🐛(back) ignore XAPI statements from public view without consumer_site

lunika · lunika · commit a751e0ad514b · 2024-11-06T15:09:21.000+01:00
When a video or document is used in a public view and has been created
on the website, we have no information at all about the consumer site to
use. In that specifice case we want to ignore the XAPI statement.
diff --git a/CHANGELOG.md b/CHANGELOG.md
@@ -8,6 +8,10 @@ Versioning](https://semver.org/spec/v2.0.0.html).
 
 ## [Unreleased]
 
+### Fixed
+
+- Ignore XAPI statements from public view without consumer_site
+
 ## [5.3.0] - 2024-11-04
 
 ### Added
diff --git a/src/backend/marsha/core/api/xapi.py b/src/backend/marsha/core/api/xapi.py
@@ -24,6 +24,10 @@
 logger = logging.getLogger(__name__)
 
 
+class NoConsumerSiteError(Exception):
+    """Error raised when no consumer site is found."""
+
+
 class XAPIStatementView(APIViewMixin, APIView):
     """Viewset managing xAPI requests."""
 
@@ -39,6 +43,13 @@ def _statement_from_lti(
             # The resource is used in a LTI context but have been created in the website context
             # so the consumer site does not exists on the playlist.
             # We have to find it directly from the LTI information we have in the JWT token.
+            if not request.resource.token.payload.get("consumer_site"):
+                # If the consumer site is not present in the JWT token, we have no information
+                # from what context the statement is sent. So we stop here the process.
+                raise NoConsumerSiteError(
+                    "Consumer site is mandatory in the LTI token."
+                )
+
             consumer_site = ConsumerSite.objects.get(
                 pk=request.resource.token.payload.get("consumer_site")
             )
@@ -121,16 +132,20 @@ def post(self, request, resource_kind, resource_id):
             return Response(partial_xapi_statement.errors, status=400)
 
         if request.resource:
+            # consumer site in a LTI token is mandatory.

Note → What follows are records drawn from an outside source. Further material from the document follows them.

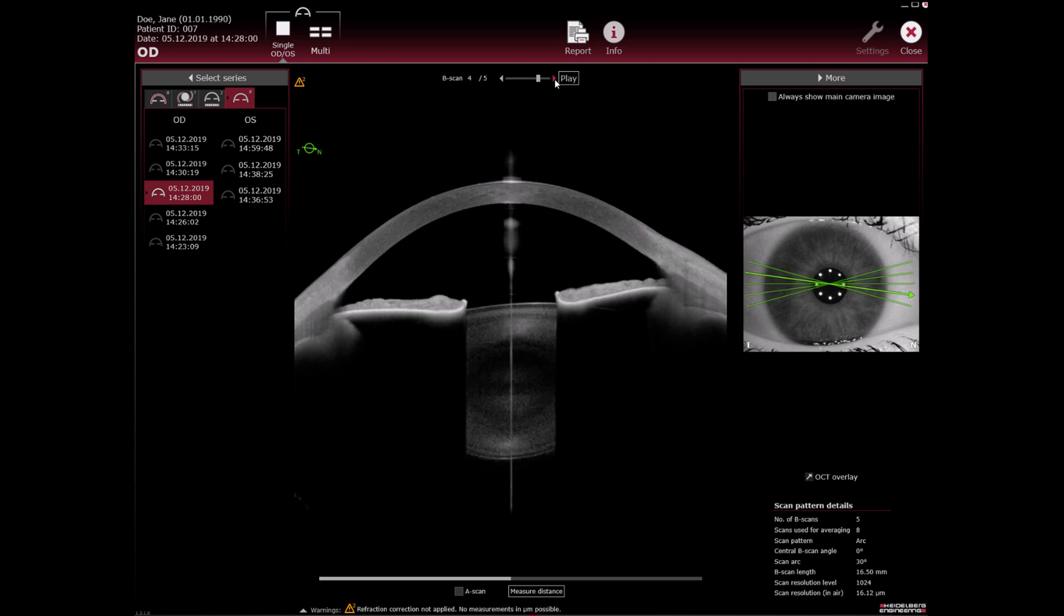Alternatively, scroll through the OCT section images using the mouse wheel. To show the OCT section images as a slideshow, click play.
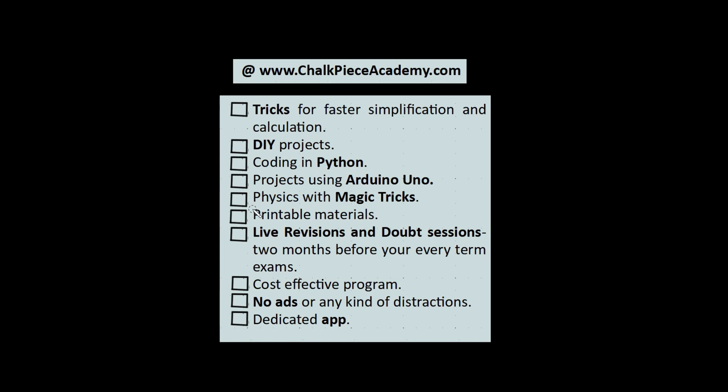In this video, the program is enrolled at chalkpieceacademy.com. Here are the tricks for faster calculation and simplification, DIY projects for coding in Python, projects using Arduino Uno, physics with magic tricks, printable materials, live revision and doubt session.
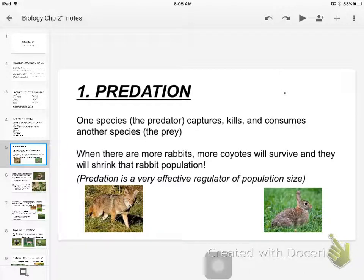We had started to talk about predation, and a lot of this is stuff you pretty much already know. We mentioned that population sizes change in response to predation patterns. So what happens when you have a lot of coyotes? What happens to the size of the rabbit population?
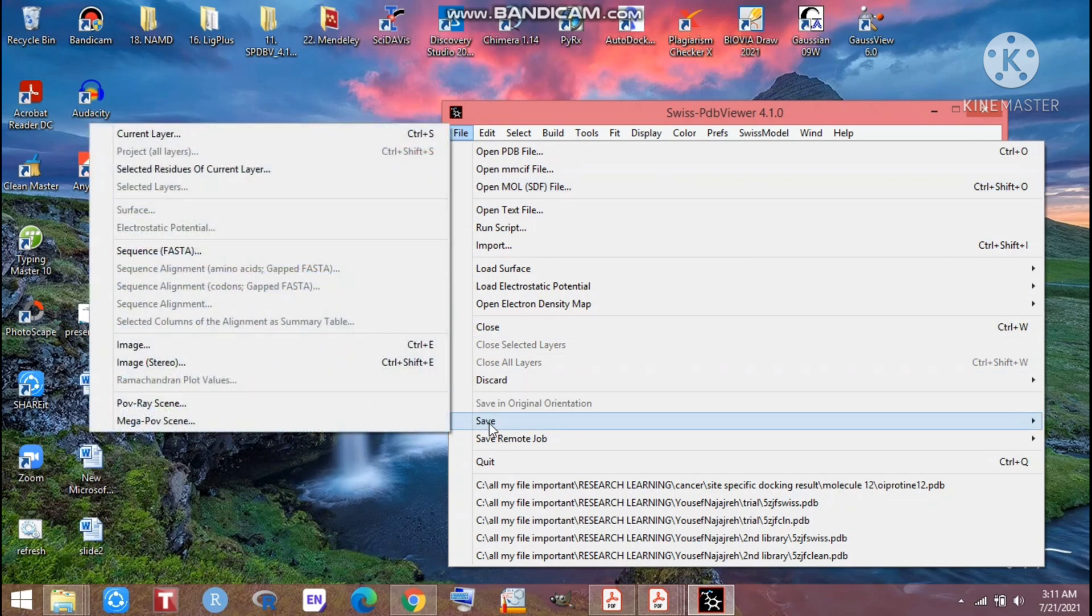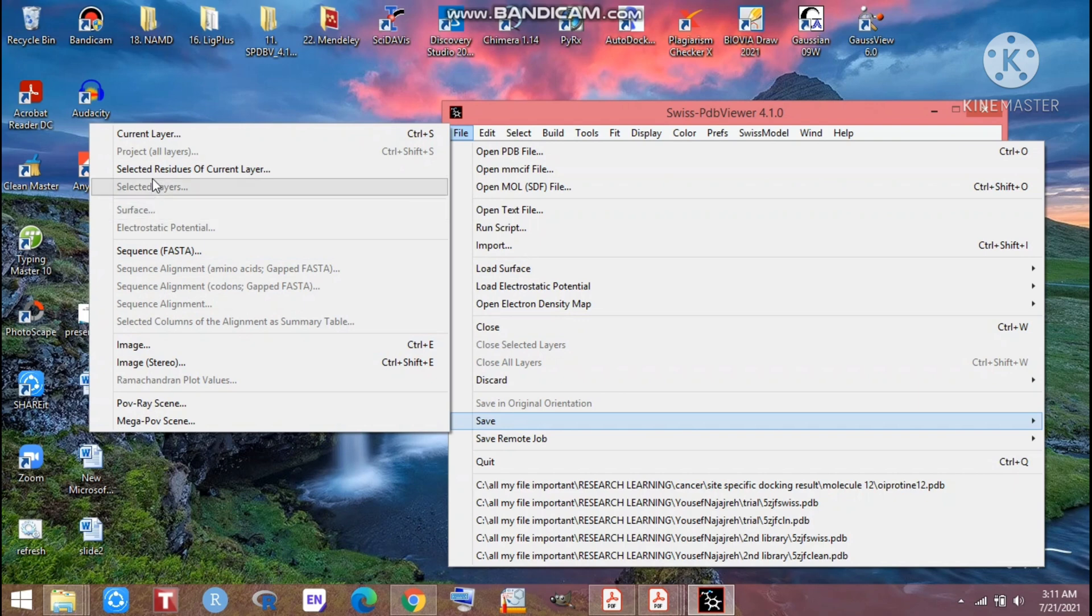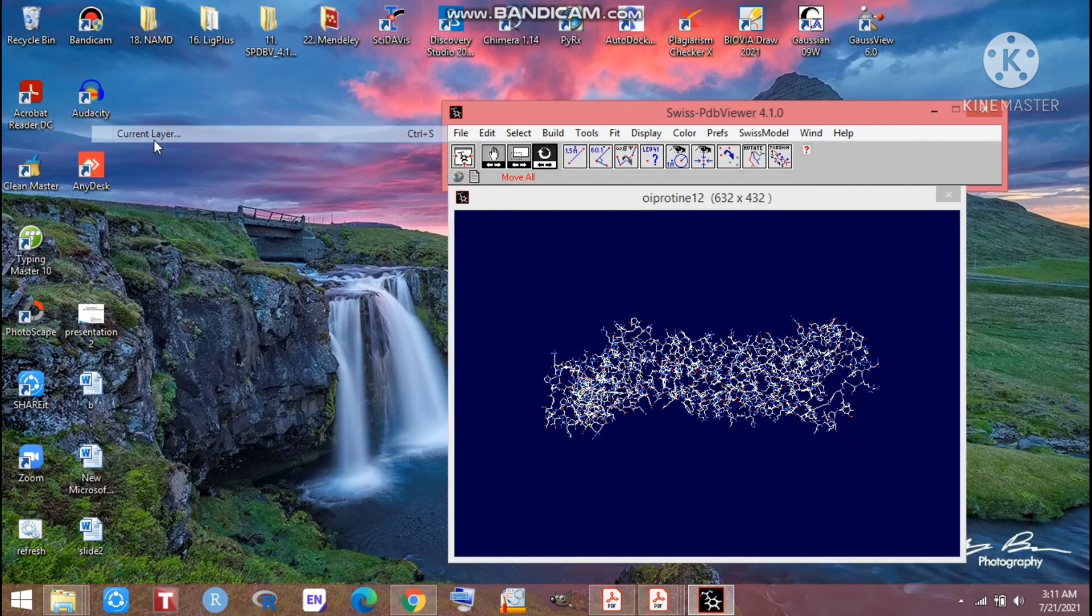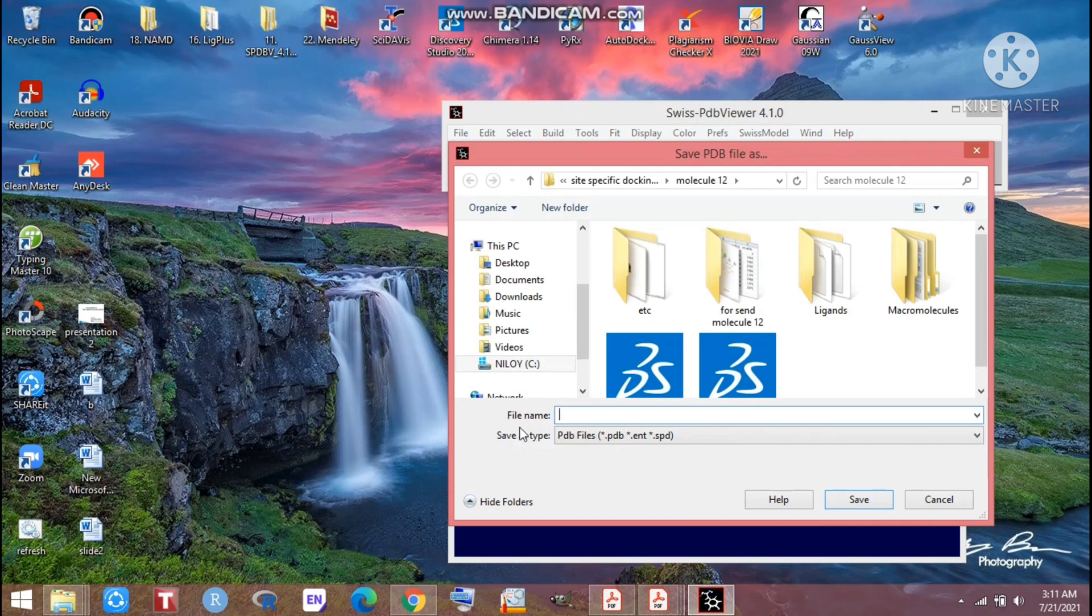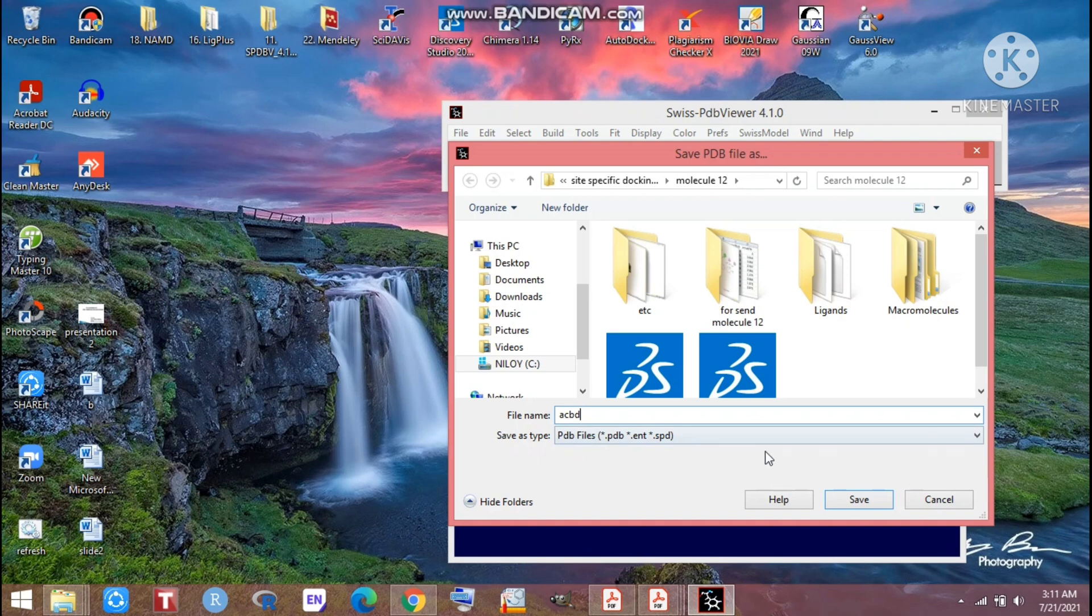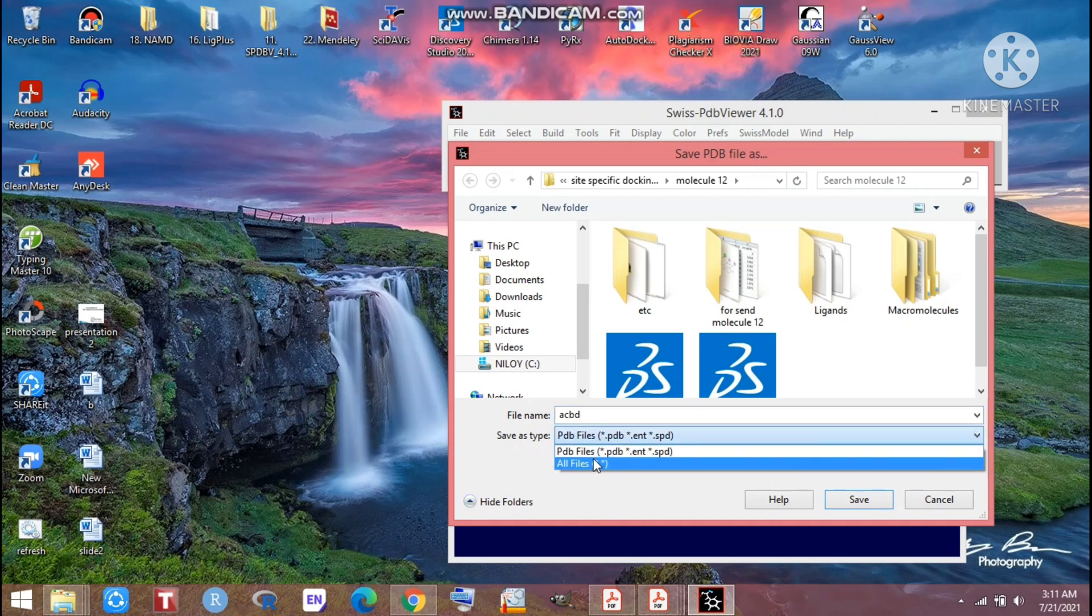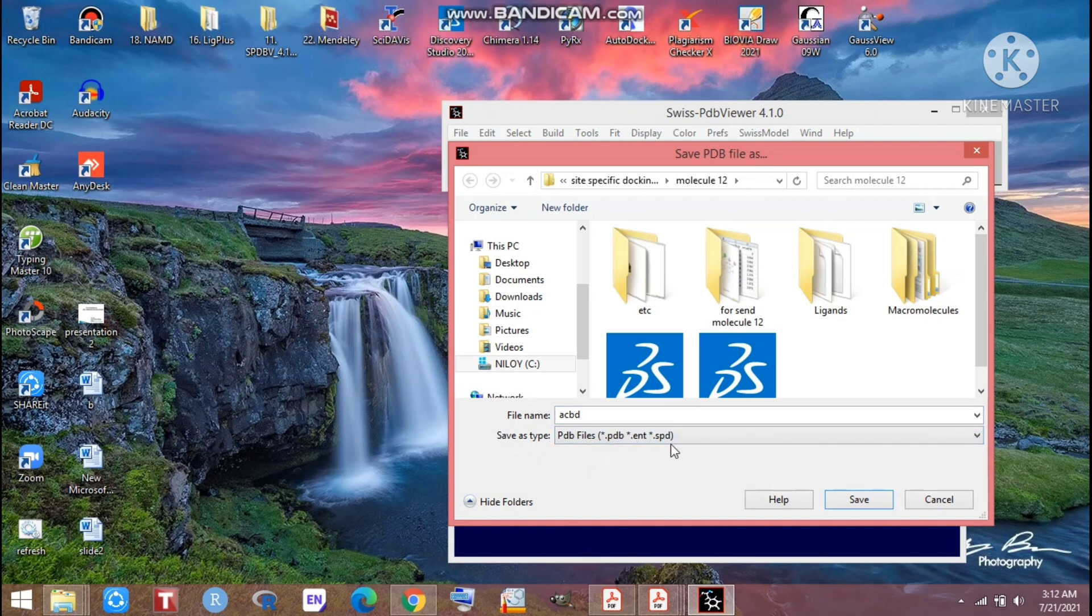After going to Save you will get this kind of window. From there just go for current layer, not anywhere else. After going to the current layer, just click here. There is a file name, you can use PDB or what you want. After completing the file name, there is PDB file format. I have to select the PDB file and just save it.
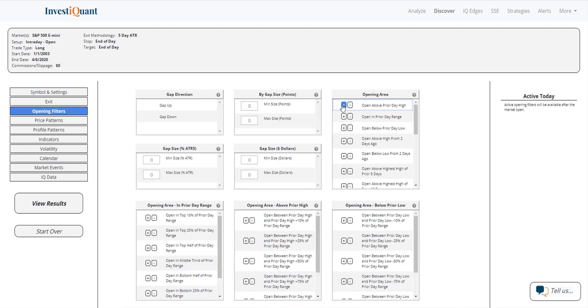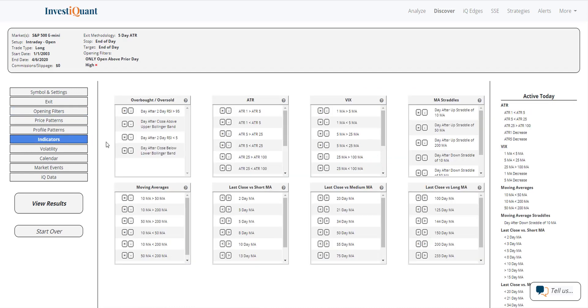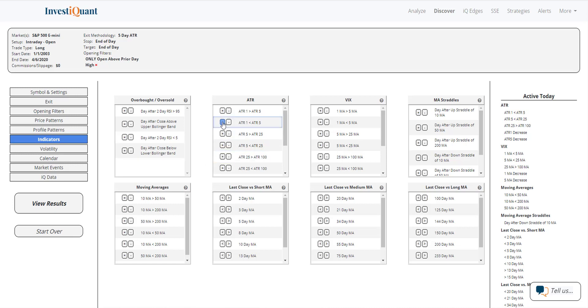The opening area I'm going to add to this is opening above the prior day high. The way I'm going to define this volatility compression is using a short term ATR relative to a slightly longer term ATR. ATR just stands for average true range. So this is a measure of volatility. When the shorter term measure of volatility is less than the longer term measure of volatility, the one day versus the five day, that is range compression taking place.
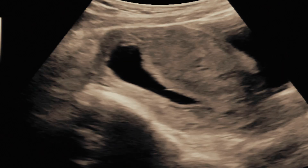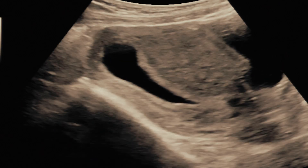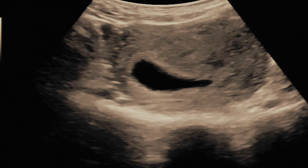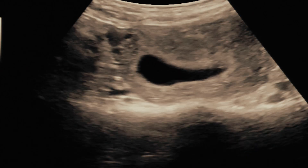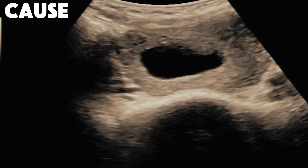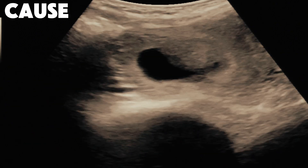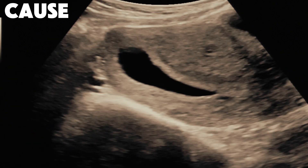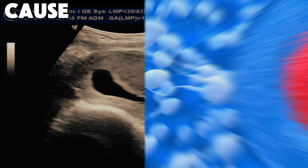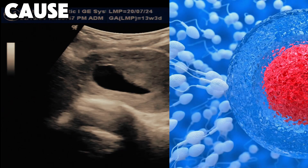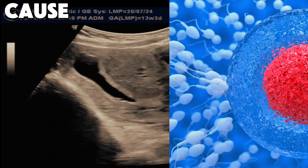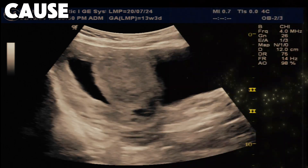This is an anembryonic pregnancy, also known as a blighted ovum. This is usually caused by chromosomal or genetic problems. This may be due to poor quality of sperm or egg, or may occur due to abnormal cell division.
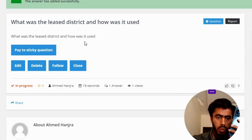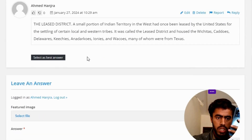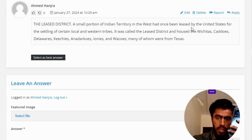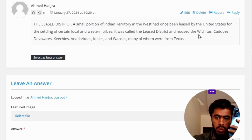The correct answer to the question: the Leased District was a small portion of Indian territory in the west that had once been leased by the United States for the settling of certain local and western tribes. It was called the Leased District.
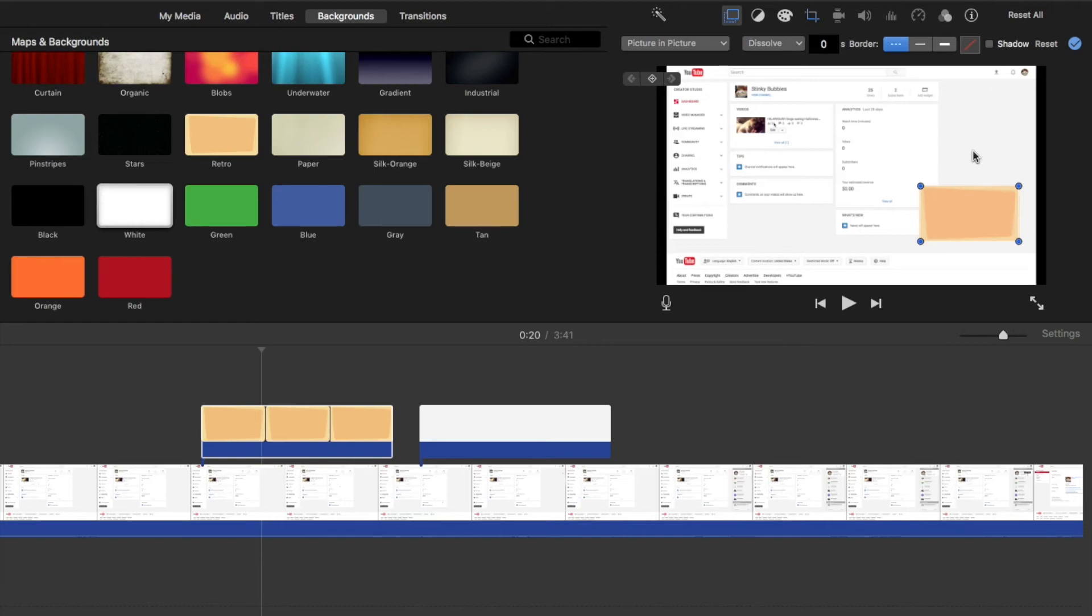So there you go, that's how you use the picture-in-picture feature. Feel free to adjust it to make things exactly the way you need them to be. Stay tuned, we've got more tutorials coming up soon.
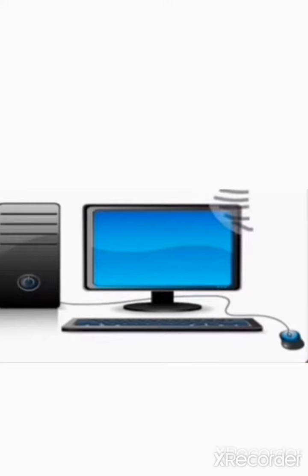Computer is very useful nowadays. In every field, computer is very popular.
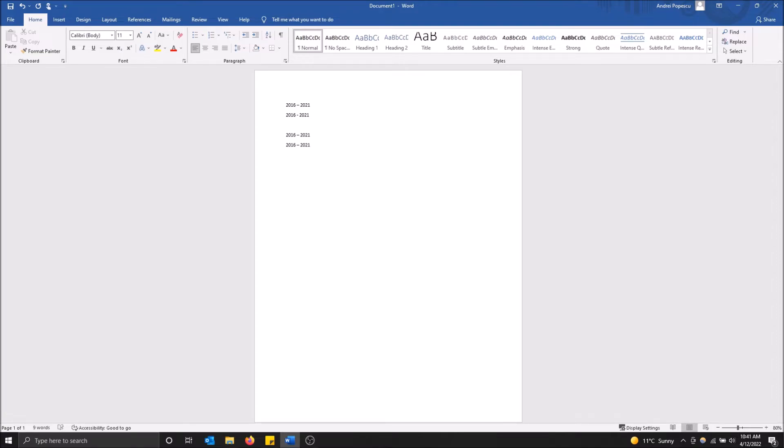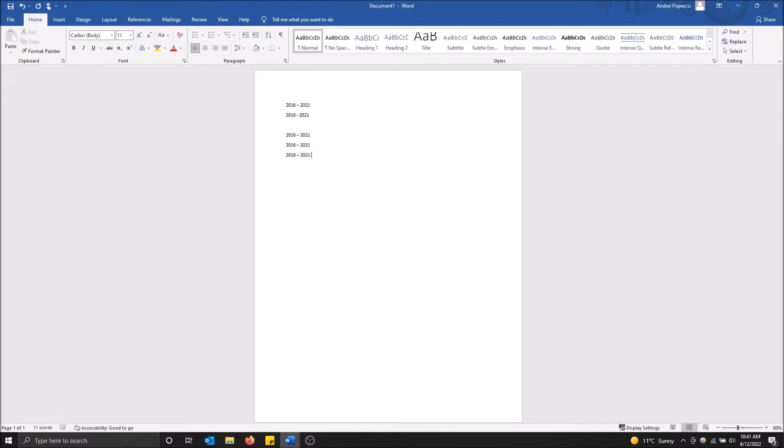There's one more way to do it, but this is the most fluky way and doesn't work every time, so I don't recommend it because Word tries to guess what you're doing. Type 2016, space, dash, then 2021, and sometimes when you hit space it'll format it properly, but sometimes it won't.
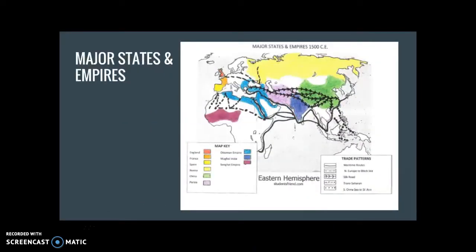I'm assuming you have your chart done. Go ahead and flip your map back over to the side where you have your trade routes drawn. In a minute, you're going to click pause and color in your map as I have it here. You do not have to use the exact same colors that I use. There are two other empires you'll need to know for your SOL test — the Aztec and the Incan empires — but those are located in the Western Hemisphere and we'll discuss them in much more detail in Unit 3, which is our exploration unit.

             if request.resource.playlist_id != str(object_instance.playlist.id):
                 return HttpResponseNotFound()
-            (
-                statement,
-                lrs_url,
-                lrs_auth_token,
-                lrs_xapi_version,
-            ) = self._statement_from_lti(
-                request, partial_xapi_statement, statement_class, object_instance
-            )
+            try:
+                (
+                    statement,
+                    lrs_url,
+                    lrs_auth_token,
+                    lrs_xapi_version,
+                ) = self._statement_from_lti(
+                    request, partial_xapi_statement, statement_class, object_instance
+                )
+            except NoConsumerSiteError:
+                return Response(status=400)
         else:
             statement = self._statement_from_website(
                 request, partial_xapi_statement, statement_class, object_instance
diff --git a/src/backend/marsha/core/tests/api/xapi/video/test_from_lti.py b/src/backend/marsha/core/tests/api/xapi/video/test_from_lti.py
@@ -15,7 +15,10 @@
     PlaylistFactory,
     VideoFactory,
 )
-from marsha.core.simple_jwt.factories import StudentLtiTokenFactory
+from marsha.core.simple_jwt.factories import (
+    PlaylistAccessTokenFactory,
+    StudentLtiTokenFactory,
+)
 
 
 class XAPIVideoFromLTITest(TestCase):
@@ -188,3 +191,44 @@ def test_send_xapi_statement_from_lti_request_video_no_consumer_site(self):
                 "objectType": "Activity",
             },
         )
+
+    def test_send_xapi_statement_from_public_video_view_created_from_website(self):
+        """
+        The XAPI statement should be ignored when the video has been created from the website
+        and used in a public view.
+        """
+        organization = OrganizationFactory()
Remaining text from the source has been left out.